If you enable SSHLegacyAlgorithmOptions.sshRSA on SSHClientConfiguration or one SSHProxyJumpHost, Traversio also enables the legacy RSA/SHA-1 path for that specific connection or hop. It appends ssh-rsa to the preferred host-key list, then retries RSA public-key authentication with ssh-rsa only after the server declines the SHA-2 attempt and still offers publickey.

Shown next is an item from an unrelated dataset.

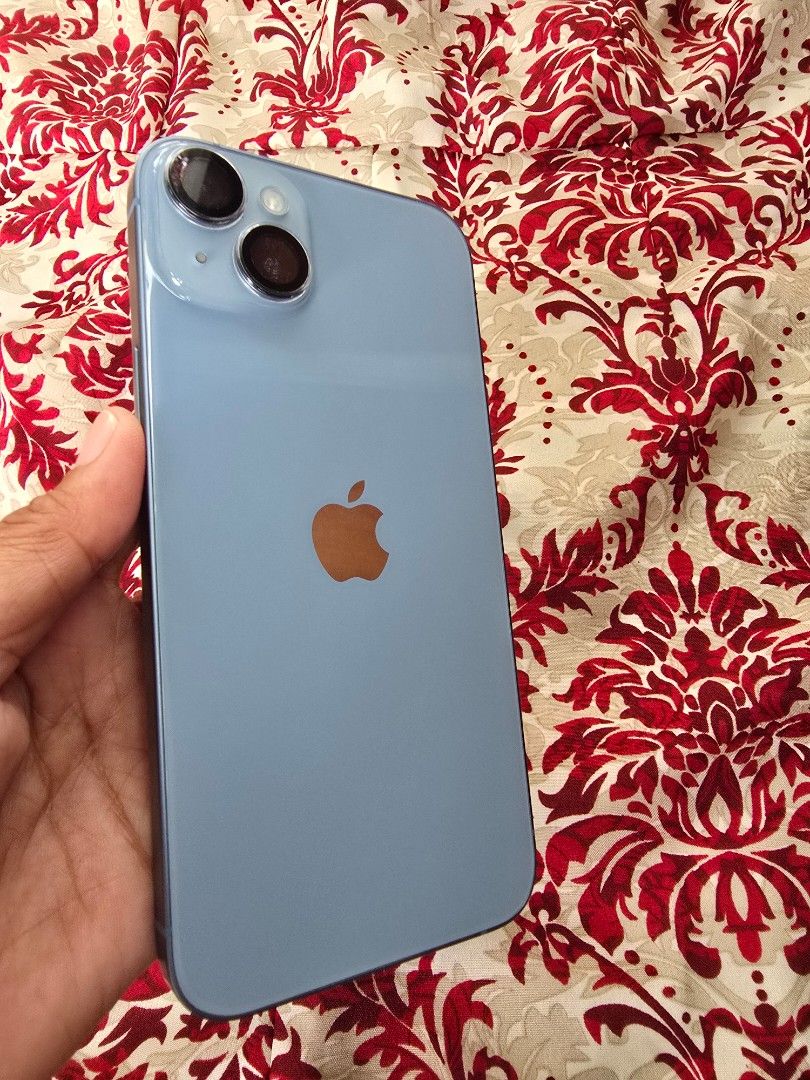 Iphone 14 Plus 128gb Blue (Category: iPhone 14 Series) located in San Juan City. Submitted by AshleyandLynGeneralmerchandise (Listing ID 1406169605, Image 1). Description: 👍We Buy and Sell and Trade in Phones , Tablets and more... 👍We do shipping nationwide 👍 Meet ups 👍Deliver / Cash on Delivery 🌸Mode of Payment🌸 👍Cash 👍Gcash 👍Pay Maya 👍Bank Transfer 👍Installment via CREDIT CARD , HOME CREDIT , GGIVES 👍Physical Store @ Greenhills Shop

RSA and ECDSA public-key authentication are already live-validated against OpenSSH. Ed25519, RSA, and ECDSA request and signature handling is also covered by deterministic protocol tests. Generated OpenSSH private keys are smoke-tested against the system ssh-keygen -y reader on macOS for the supported algorithms.

Deferred Areas

The public-key feature set stays focused on direct key loading and OpenSSH file compatibility:

  • SSH agent integration
  • keychain-backed credential loading

Good Fits

Use the public-key API when:

  • you want Ed25519, RSA/SHA-2, or ECDSA authentication
  • you want optional explicit legacy ssh-rsa compatibility for an older endpoint and can enable it on that specific connection or jump-host hop
  • an OpenSSH private key file is acceptable, with passphrase: supplied when it is encrypted, or you already control the key material yourself
  • you want the most direct production-oriented path in the current public surface

SSH agent support and keychain-backed credentials remain outside the current public surface.